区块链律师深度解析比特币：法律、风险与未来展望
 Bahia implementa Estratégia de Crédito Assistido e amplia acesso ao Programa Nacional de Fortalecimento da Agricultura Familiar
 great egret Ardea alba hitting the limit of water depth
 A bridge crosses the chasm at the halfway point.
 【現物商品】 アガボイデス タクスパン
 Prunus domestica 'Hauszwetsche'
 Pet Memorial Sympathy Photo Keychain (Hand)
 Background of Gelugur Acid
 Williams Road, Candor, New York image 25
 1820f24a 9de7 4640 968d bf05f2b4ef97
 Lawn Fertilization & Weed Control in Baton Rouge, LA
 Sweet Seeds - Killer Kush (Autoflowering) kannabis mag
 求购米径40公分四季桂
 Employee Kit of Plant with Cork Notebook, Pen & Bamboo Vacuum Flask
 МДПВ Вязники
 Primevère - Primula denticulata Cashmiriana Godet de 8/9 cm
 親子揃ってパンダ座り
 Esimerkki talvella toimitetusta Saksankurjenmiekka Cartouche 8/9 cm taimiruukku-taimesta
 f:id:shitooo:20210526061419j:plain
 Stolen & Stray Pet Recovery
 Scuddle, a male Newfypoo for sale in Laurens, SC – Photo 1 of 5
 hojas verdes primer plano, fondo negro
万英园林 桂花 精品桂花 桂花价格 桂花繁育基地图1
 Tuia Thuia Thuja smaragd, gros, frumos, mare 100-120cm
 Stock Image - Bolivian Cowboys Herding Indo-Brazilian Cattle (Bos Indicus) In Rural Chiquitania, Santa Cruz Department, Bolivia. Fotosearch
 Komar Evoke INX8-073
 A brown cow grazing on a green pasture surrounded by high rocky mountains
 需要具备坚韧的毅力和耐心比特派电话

====

■ Problem requirements:
Look above for the line holding "Williams Road, Candor, New York image 25", then set down exactly that line and every line after it up to and including the line holding "Tuia Thuia Thuja", with nothing else.

■ Output of the task:
 Williams Road, Candor, New York image 25
 1820f24a 9de7 4640 968d bf05f2b4ef97
 Lawn Fertilization & Weed Control in Baton Rouge, LA
 Sweet Seeds - Killer Kush (Autoflowering) kannabis mag
 求购米径40公分四季桂
 Employee Kit of Plant with Cork Notebook, Pen & Bamboo Vacuum Flask
 МДПВ Вязники
 Primevère - Primula denticulata Cashmiriana Godet de 8/9 cm
 親子揃ってパンダ座り
 Esimerkki talvella toimitetusta Saksankurjenmiekka Cartouche 8/9 cm taimiruukku-taimesta
 f:id:shitooo:20210526061419j:plain
 Stolen & Stray Pet Recovery
 Scuddle, a male Newfypoo for sale in Laurens, SC – Photo 1 of 5
 hojas verdes primer plano, fondo negro
万英园林 桂花 精品桂花 桂花价格 桂花繁育基地图1
 Tuia Thuia Thuja smaragd, gros, frumos, mare 100-120cm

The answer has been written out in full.